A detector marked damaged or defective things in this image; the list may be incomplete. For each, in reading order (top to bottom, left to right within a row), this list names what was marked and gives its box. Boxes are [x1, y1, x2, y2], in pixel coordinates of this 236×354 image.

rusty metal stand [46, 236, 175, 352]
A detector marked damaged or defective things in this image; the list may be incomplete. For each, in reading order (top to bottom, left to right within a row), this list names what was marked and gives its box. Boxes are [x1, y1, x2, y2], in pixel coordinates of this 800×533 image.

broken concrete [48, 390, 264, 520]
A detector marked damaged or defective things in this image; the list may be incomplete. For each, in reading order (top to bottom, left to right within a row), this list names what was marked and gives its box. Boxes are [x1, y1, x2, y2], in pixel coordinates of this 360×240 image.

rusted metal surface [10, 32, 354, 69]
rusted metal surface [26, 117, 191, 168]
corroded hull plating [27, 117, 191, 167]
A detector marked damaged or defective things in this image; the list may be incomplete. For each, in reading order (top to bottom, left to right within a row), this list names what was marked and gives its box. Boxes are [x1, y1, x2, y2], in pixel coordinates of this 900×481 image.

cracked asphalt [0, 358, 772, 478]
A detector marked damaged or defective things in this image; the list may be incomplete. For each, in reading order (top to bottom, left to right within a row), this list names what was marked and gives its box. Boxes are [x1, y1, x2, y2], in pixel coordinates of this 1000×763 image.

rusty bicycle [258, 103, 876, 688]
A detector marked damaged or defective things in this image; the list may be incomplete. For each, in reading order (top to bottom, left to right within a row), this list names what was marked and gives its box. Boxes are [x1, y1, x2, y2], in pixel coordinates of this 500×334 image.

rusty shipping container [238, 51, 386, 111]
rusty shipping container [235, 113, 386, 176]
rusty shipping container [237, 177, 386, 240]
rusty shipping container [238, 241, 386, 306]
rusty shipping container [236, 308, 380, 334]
——————————
▶ [Your instructions] The task here is to output the line with "this 900×481 image." and all lines after it to the end of the records above, exactly and only those.

▶ [Output below]
A detector marked damaged or defective things in this image; the list may be incomplete. For each, in reading order (top to bottom, left to right within a row), this list names what was marked and gives its box. Boxes are [x1, y1, x2, y2], in pixel coordinates of this 900×481 image.

cracked asphalt [0, 358, 772, 478]
A detector marked damaged or defective things in this image; the list may be incomplete. For each, in reading order (top to bottom, left to right within a row), this list names what was marked and gives its box. Boxes are [x1, y1, x2, y2], in pixel coordinates of this 1000×763 image.

rusty bicycle [258, 103, 876, 688]
A detector marked damaged or defective things in this image; the list may be incomplete. For each, in reading order (top to bottom, left to right within a row), this list names what was marked and gives its box. Boxes are [x1, y1, x2, y2], in pixel coordinates of this 500×334 image.

rusty shipping container [238, 51, 386, 111]
rusty shipping container [235, 113, 386, 176]
rusty shipping container [237, 177, 386, 240]
rusty shipping container [238, 241, 386, 306]
rusty shipping container [236, 308, 380, 334]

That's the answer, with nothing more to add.